Drafting a sound contract often requires seemingly endless negotiations and countless versions of the agreement before all parties are satisfied. But, despite spending days, weeks, or even months getting a contract into a mutually acceptable format, circumstances often arise necessitating some sort of amendment to the existing contract language. It is important to remember that an amendment changes something in the contract, as opposed to an addenda which would involve making additions to the contract.
Given the impact that an amendment, or a change, can have, writing a coherent contract amendment is just as important as writing the contract itself, so equal care and attention must be devoted to this facet of the drafting process. Here are some tips for writing contract amendments:
1. Clarify the clause(s) requiring amendment
As mentioned, amending a contract entails making a change to the contract language as it stands. Thus, it is important to state with absolute clarity which portion of the contract is being revised. Most contracts have numbered and/or lettered paragraphs and subparagraphs with brief titles or descriptions, and these sections should be referenced at the beginning of the amendment. In some cases, a specific page number and clause may be used to identify the section at issue.

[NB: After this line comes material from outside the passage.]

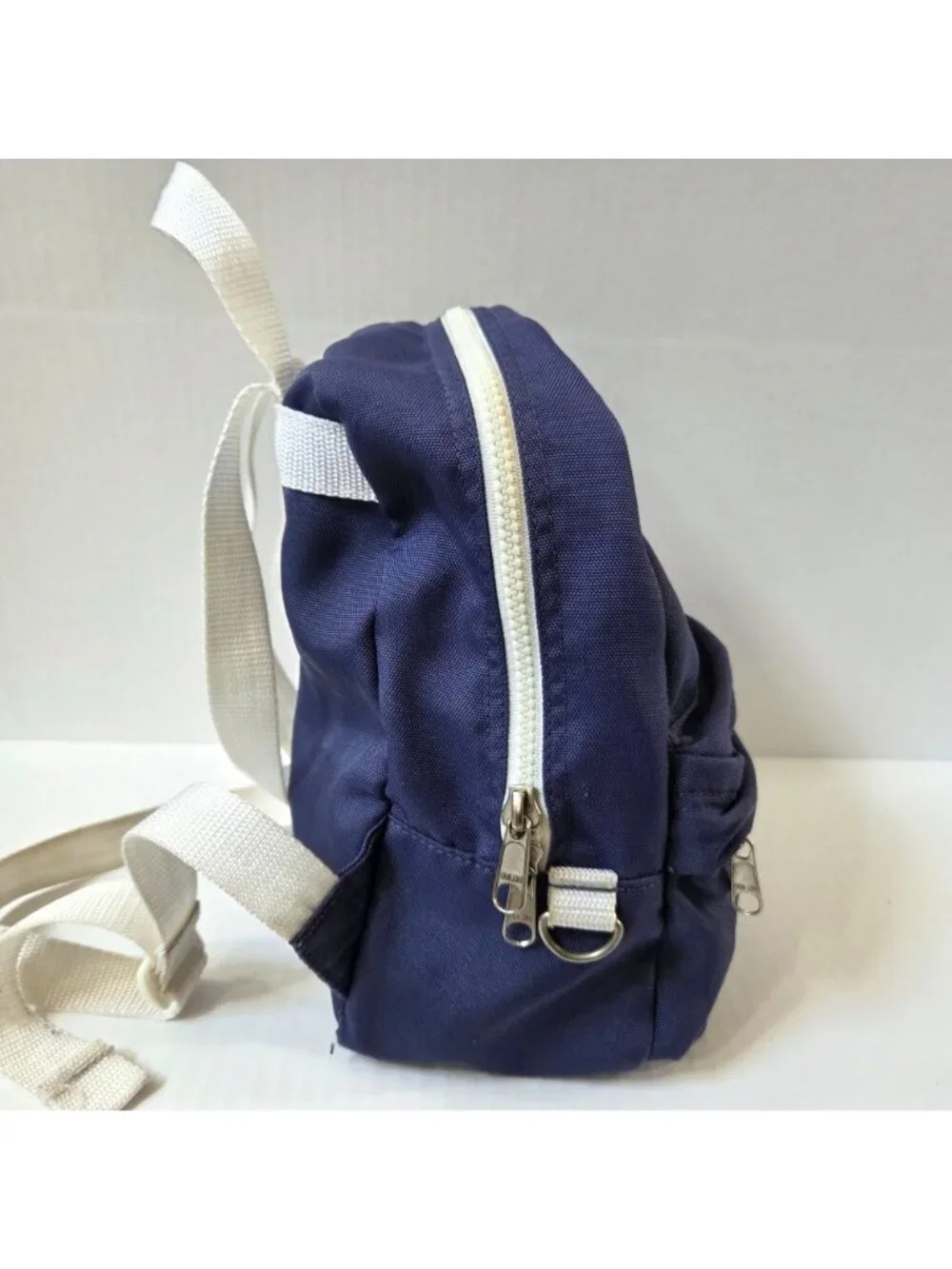 Vintage Nike Backpack Blue White Mini 12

2. Specify the discarded contract language and the replacement language
000There are different ways that the contract language can be amended, such as crossing out certain words and specifying the language that is replacing it. Or, an entire paragraph can be stricken, with the amendment providing the new paragraph that serves as its replacement. It doesn't matter which way you do it, so long as there is consistency and no ambiguity as to what language is being taken out and what language is being inserted.
3. Identify the terms that remain in effect
It is also important to clarify in the amendment that some or most portions of the contract remain unaffected. For example, if there is only one paragraph in the contact that is being amended, but the rest of the contract should remain unchanged, the amendment can make this clear with a brief statement to that effect.
4. Sign and distribute the final agreement
An amendment is useless unless everyone agrees to it, it is signed by all signatories to the contract, it is appended to the original agreement, and all parties receive a copy. People mistakenly believe that they can make unilateral or verbal changes to an existing contract, but in the event of a dispute, only a written, signed amendment will actually hold up well in court.